Another risk is that HiddenLevers could become over-dependent on its largest client, says a source who prefers to remain anonymous, via email.
"There is always the risk that when a firm gets one client that they become too dependent on them. They can lose focus ... Other users should be looking closely for signs that things have changed, but it is not a given," the source says.

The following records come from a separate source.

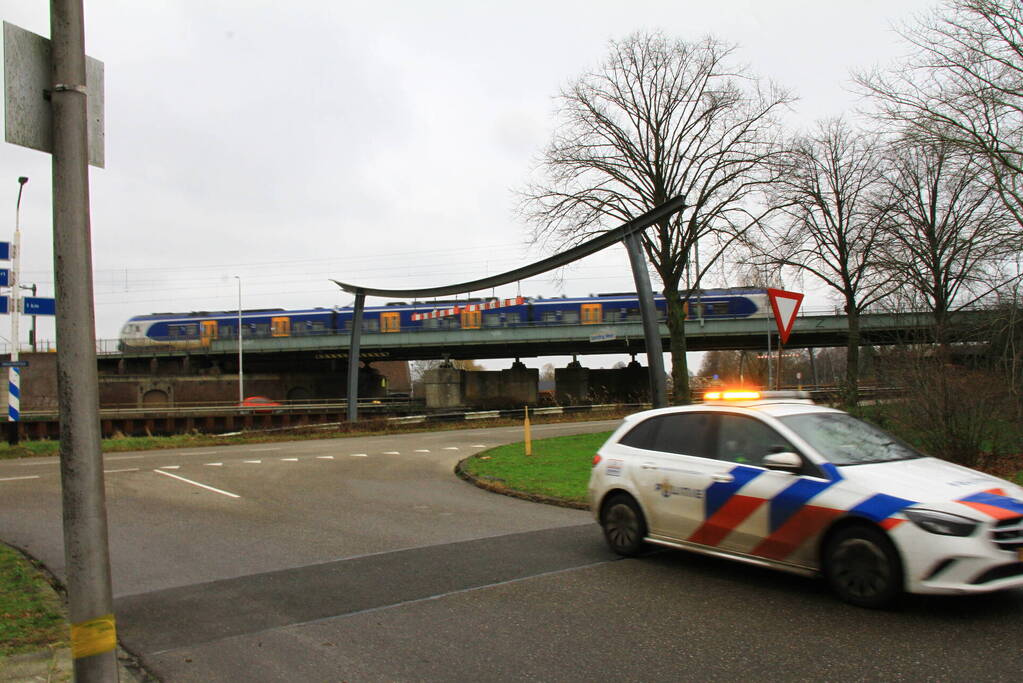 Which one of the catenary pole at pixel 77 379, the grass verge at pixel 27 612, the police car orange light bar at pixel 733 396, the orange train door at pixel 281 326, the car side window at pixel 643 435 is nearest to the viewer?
the catenary pole at pixel 77 379

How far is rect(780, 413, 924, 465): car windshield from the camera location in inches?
241

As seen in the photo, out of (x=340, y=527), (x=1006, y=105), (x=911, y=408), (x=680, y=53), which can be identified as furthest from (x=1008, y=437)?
(x=680, y=53)

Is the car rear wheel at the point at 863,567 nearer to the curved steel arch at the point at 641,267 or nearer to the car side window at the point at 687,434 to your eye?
the car side window at the point at 687,434

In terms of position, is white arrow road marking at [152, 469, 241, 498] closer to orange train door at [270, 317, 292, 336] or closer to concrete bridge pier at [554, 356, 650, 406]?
concrete bridge pier at [554, 356, 650, 406]

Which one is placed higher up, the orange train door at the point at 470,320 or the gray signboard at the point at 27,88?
the orange train door at the point at 470,320

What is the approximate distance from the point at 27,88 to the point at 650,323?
13869 mm

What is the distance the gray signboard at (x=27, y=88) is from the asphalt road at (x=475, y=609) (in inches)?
126

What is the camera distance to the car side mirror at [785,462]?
5949 millimetres

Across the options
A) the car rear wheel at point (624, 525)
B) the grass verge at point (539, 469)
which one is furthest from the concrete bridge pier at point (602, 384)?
the car rear wheel at point (624, 525)

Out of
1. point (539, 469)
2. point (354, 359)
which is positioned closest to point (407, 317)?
point (354, 359)

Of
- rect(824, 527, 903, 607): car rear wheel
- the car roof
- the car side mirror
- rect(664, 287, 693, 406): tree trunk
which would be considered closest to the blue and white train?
rect(664, 287, 693, 406): tree trunk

HiddenLevers will also have to find a way to compete against Riskalyze or Totum Risk, says John Michel, CEO of NYC RIA software dashboard CircleBlack.
“The Riskalyzes and Totums probably are going to win unless these other guys figure out a way to deliver whatever they're doing in a simple consumer facing way,” says Michel, who built the predecessor to Merrill Lynch's successful online discount brokerage Merrill Edge.
With Focus as a signature win, HiddenLevers is now gunning for C-Suite business, in particular from chief financial officers and CEOs, by offering a broader business intelligence strategy.
The idea is to sell HiddenLevers as a scenario-modelling bloodhound that sniffs down macro- and micro-economic risks and barks when they threaten portfolios and the bottom line.
"Venture capitalists are constantly telling me they want to invest, but then I engage them for five minutes and they're trying to tell me my valuation isn't what I think it is," he says.
"They'd have forced me down that [robo] path, so I chose to lean into what I know, and it's produced these dividends, especially now with this win with [Focus]. We did that on our own."
* Editor's Note: The initial interview with Raj Udeshi took place in early Sept. 2018. Thereafter, RIABiz corresponded intermittently with Udeshi until early Oct. Thereafter, until Mar. 26, when he clarified a few aspects of the Focus deal, following its announcement, no further communication took place.